A sophisticated electorate didn’t buy it.

Voters who tuned in to radio and TV debates didn’t swallow media analysis that there was ‘no winner’.

Clichés (‘didn’t shift the dial’ and ‘no knock-out blows’) disguised what was plain to see but commentators were reluctant to say — Connolly was a far better debater and communicator than Humphreys or Gavin.

Some national journalists took it upon themselves to take Catherine Connolly down a peg. ‘Who does she think she is?’ sort of stuff.

Hatchet jobs dressed up as opinion were bad enough. Worse still were ‘news’ stories blurred by an anti-Connolly editorial line.

Rather than presenting unbiased, impartial news in an honest and fair way, to inform voters, publications sometimes strayed into the realm of seeking to influence voters.

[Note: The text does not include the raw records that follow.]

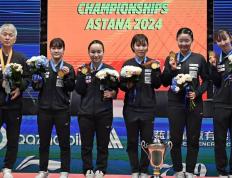 开云平台-国乒10名成员参加乒乓球团体亚锦赛，比赛规则详解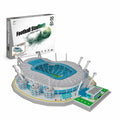 3D Puzzle Football Stadium Model, 117 Pieces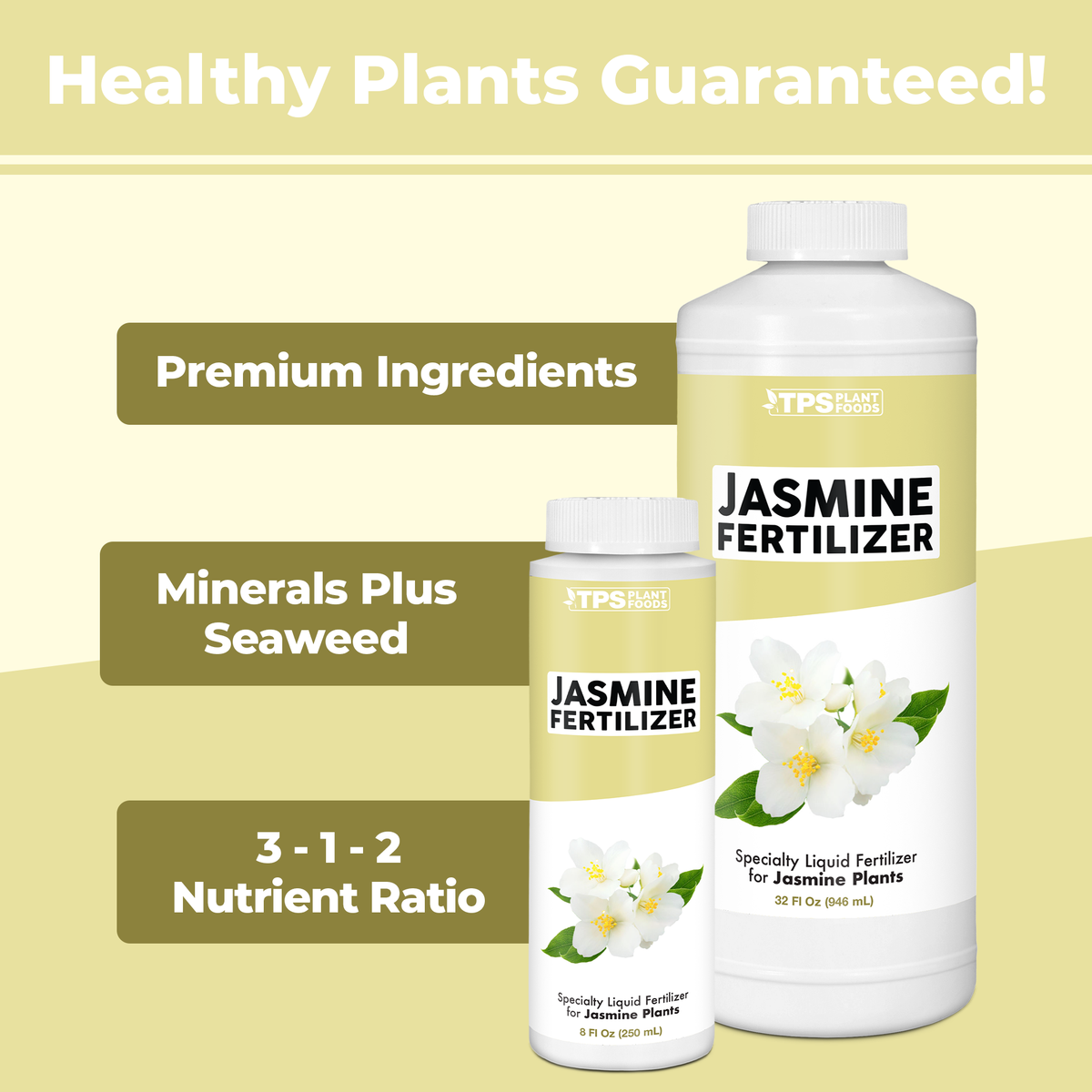 TPS Jasmine Fertilizer product details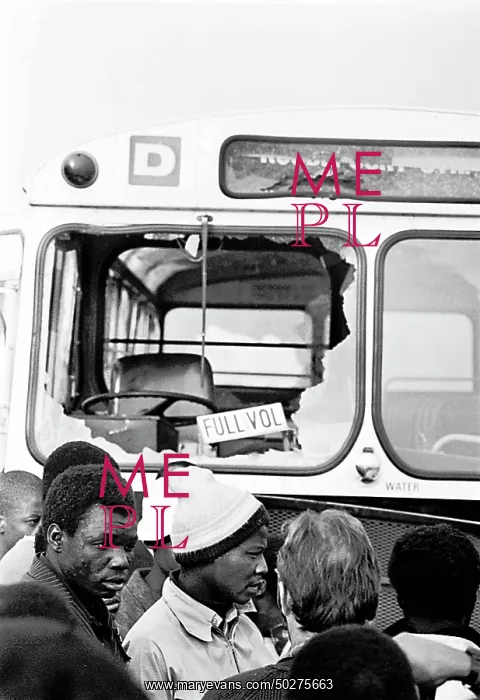 : The Soweto Uprising, 1976 : The Soweto Uprising, 1976
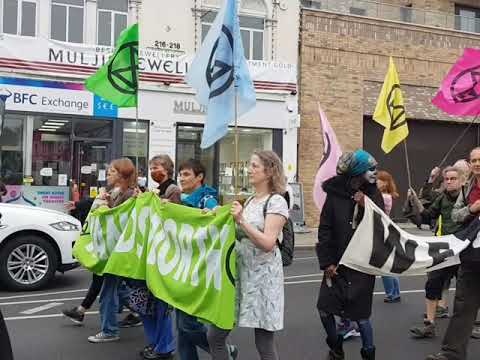 Air pollution in wandsworth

Part of the problem is the relationship between journalists and politicians. Fine Gael and Fianna Fáil feed stories to their favourite reporters. Catherine Connolly isn’t the type who leaks juicy exclusives.

[A notable exception, very welcome in this parish, was her decision to announce her run for the Áras in her own local newspaper, the Galway City Tribune, an exclusive for our own Denise McNamara back in July!]

Social media was awful in this election. Attack videos, including the one created by Fine Gael, deepfake videos, vile misogynist and sectarian abuse and false information were among its problems.

Traditional media fell down too. Yet analysis of media since the election focused only on what the international press said about it.

After a poor performance covering this election, Irish media needs to pause and reflect on how and why it is becoming increasingly irrelevant.

Pictured: Denise McNamara’s story in the July 11 edition of the Galway City Tribune announcing Catherine Connolly’s decision to run for President.